True Christian leadership is not an office of authority. It is not a place for only a few who are specially trained at a man-made Bible school. True Christian leadership is for all of us who are members of the Church God is building. We are all kings and priests, we are all holy and righteous because of Christ. To be clear, when I say Church I am not talking about any denomination or physical building. The true Church is a community of people who are following Christ and He is our head. All the rest of us, men and women alike, are equally functioning body parts of his Church.

No person has a place of authority over another. That is the world’s way of doing things. That is the business way of doing things. Needless to say, there are a lot of churches and religious organizations that are acting like big business with their presidents and CEO’s, but that is not how it should be.

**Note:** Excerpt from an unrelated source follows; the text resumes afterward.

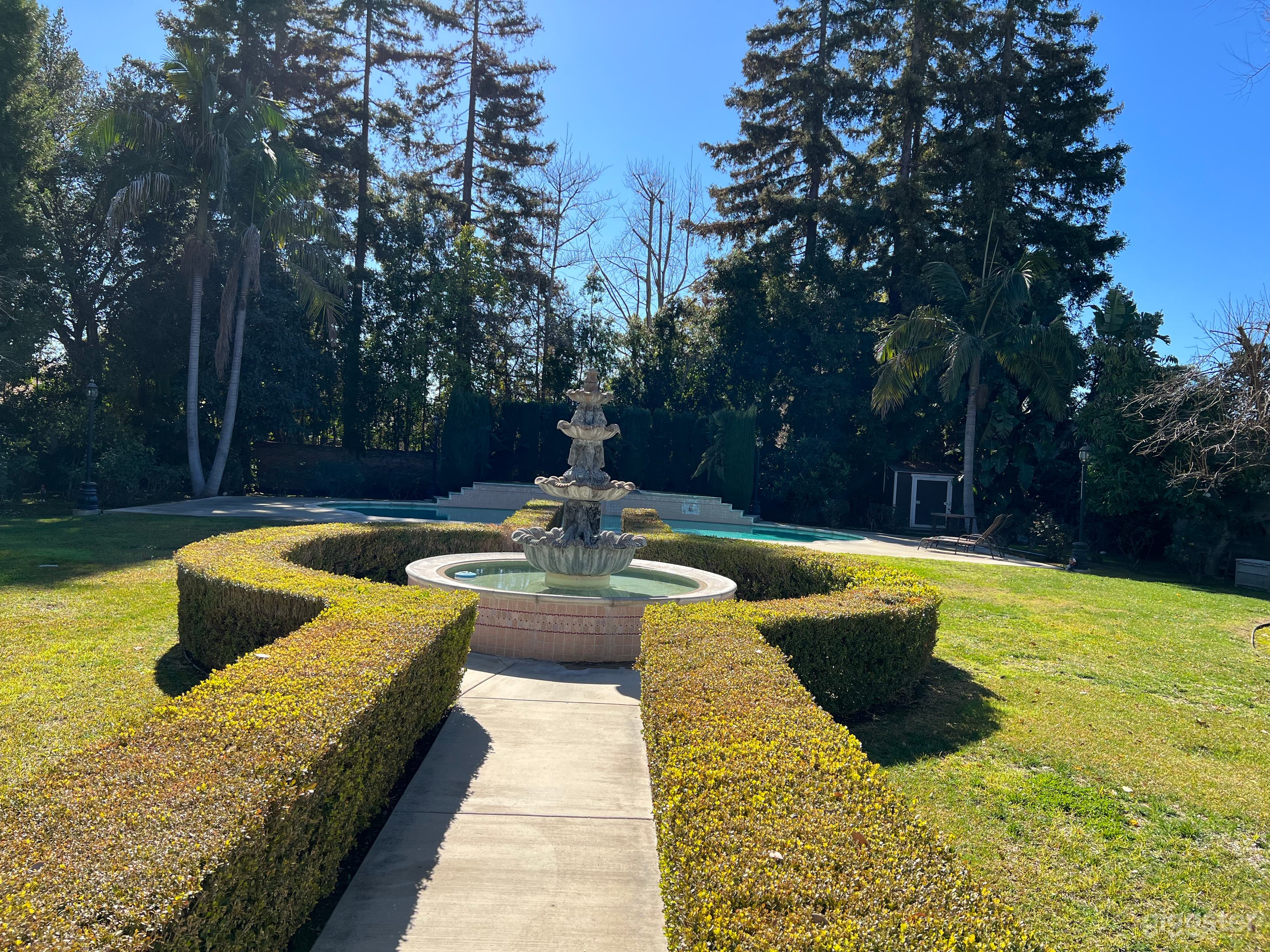Extravagant Pool Garden with a Water Fountain  Photo 3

Christian Leadership as God intended is the Spirit working through the different body parts, leading by example. Leaders are those who encourage and teach from a place of love and experience, not a place of authority and power. Each of us are leaders at one time or another in the sense of leading by example, experience and love. We come in contact with those who need encouragement or a little guidance, not from someone who thinks they know it all but from someone who has been there. A person who, out of love, wants to see the best for everyone.

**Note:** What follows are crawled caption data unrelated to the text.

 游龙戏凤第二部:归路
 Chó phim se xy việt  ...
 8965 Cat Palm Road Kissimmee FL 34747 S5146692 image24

True Christian leaders will not demand your loyalty. They will not want your allegiance to them. They will not rule over you with authority and expect you to follow them no matter what. True leaders will want to lead you to the head and true leader of the Church, Jesus. It is time we stop looking to men and women as our main guides and leaders and look to Jesus. We need to listen for the leading, guidance and teaching of the Holy Spirit who is actually God within us, rather than seeking the knowledge and wisdom of mere men.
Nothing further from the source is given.